Mathematician Gladys West was born in Virginia, United States of America, to a farming family. Growing up, she worked jobs in a tobacco factory. As a valedictorian, she received a full scholarship to Virginia State University, where she earned a Bachelor of Science in mathematics in the early 1950s. To obtain her master’s degree, she taught mathematics and science in segregated schools. This was the same year that President Eisenhower banned racial discrimination when hiring for the U.S. Government.
Upon graduating, she was recruited by the U.S. Naval Proving Ground to work in a weapons laboratory in Virginia. She was one of only four Black employees at that time. Her accomplishments and her comprehension of difficult equations allowed her to move from solving equations to programming computers that automated the work. Years later, in 1978, she was named the project manager for Seasat, an ocean-surveillance satellite experiment. This was the first project demonstrating that satellites could be used to monitor oceanographic data.

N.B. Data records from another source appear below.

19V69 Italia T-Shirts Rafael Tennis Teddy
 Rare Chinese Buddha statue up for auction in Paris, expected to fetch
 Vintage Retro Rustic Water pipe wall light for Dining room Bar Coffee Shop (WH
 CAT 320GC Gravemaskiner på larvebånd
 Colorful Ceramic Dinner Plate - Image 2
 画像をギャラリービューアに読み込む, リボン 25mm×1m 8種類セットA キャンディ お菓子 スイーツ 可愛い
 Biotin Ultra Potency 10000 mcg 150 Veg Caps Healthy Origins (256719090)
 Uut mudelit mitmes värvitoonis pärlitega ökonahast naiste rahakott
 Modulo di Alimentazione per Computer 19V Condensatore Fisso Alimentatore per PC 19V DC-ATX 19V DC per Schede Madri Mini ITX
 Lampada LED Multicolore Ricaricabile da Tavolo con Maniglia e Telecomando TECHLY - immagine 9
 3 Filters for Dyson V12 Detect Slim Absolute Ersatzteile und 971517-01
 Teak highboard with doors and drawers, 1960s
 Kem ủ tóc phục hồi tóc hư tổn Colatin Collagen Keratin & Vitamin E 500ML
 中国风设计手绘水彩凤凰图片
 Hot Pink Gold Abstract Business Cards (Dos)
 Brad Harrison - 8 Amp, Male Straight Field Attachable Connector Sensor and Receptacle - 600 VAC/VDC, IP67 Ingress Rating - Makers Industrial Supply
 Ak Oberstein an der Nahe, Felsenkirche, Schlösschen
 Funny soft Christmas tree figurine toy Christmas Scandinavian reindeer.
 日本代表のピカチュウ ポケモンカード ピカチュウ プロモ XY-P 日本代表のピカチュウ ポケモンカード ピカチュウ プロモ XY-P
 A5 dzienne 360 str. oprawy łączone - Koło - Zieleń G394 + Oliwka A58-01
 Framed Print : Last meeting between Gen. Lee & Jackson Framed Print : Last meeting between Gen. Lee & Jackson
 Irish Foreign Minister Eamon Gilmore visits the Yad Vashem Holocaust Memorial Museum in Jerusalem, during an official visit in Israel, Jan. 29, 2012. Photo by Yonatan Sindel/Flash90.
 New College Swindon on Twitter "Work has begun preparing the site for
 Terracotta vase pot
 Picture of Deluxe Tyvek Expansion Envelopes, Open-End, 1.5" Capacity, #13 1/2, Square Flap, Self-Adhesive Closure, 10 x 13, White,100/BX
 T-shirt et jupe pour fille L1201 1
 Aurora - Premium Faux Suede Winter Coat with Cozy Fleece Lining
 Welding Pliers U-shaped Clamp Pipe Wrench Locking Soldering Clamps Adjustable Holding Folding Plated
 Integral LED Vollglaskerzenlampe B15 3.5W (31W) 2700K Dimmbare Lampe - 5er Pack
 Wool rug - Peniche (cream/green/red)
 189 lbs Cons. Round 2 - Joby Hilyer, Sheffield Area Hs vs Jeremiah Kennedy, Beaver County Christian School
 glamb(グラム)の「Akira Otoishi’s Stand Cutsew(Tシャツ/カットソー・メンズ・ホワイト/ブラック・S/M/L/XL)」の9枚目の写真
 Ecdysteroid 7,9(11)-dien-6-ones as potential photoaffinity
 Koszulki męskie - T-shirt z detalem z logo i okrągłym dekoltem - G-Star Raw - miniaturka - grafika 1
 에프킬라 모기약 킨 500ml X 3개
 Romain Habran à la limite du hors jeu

Following this experiment, she began working on GEOSAT, a satellite designed to create models of the Earth’s surface. West and her team programmed computers to incorporate the different surfaces, tides, and forces acting on Earth’s surface. They subsequently architected their own programme to account for all this data and calculate satellite orbits. This made it possible to create an exact shape of the Earth – a geoid.
That work laid the foundation for the Global Positioning System (GPS). West’s insights were critical to understanding how GPS satellites functioned. The U.S. Department of Defence soon began to develop the GPS, which evolved into the location technology that surrounds us every day.
Margot Lee Shetterly’s 2016 book Hidden Figures documents the pivotal role of Black female mathematicians in the fields of science and technology during the Cold War era. It is only since then that West’s work has received notable recognition, including induction into the US Space and Missile Pioneers Hall of Fame in 2018. She also received the National Museum of the Surface Navy’s Freedom of the Seas Exploration and Innovation Award in 2023. West gained international recognition as the first woman to earn the Prince Philip Medal from the UK’s Royal Academy of Engineering.
Her legacy underpins many innovations in the scientific, computational and mathematical communities. West was an inspiration for those trying to break boundaries. She believed in herself first: “I always felt really responsible for being the best and doing the best that I could,” West once told the Virginia Museum of History and Culture.
Gladys West passed away on the 17th of January in Virginia.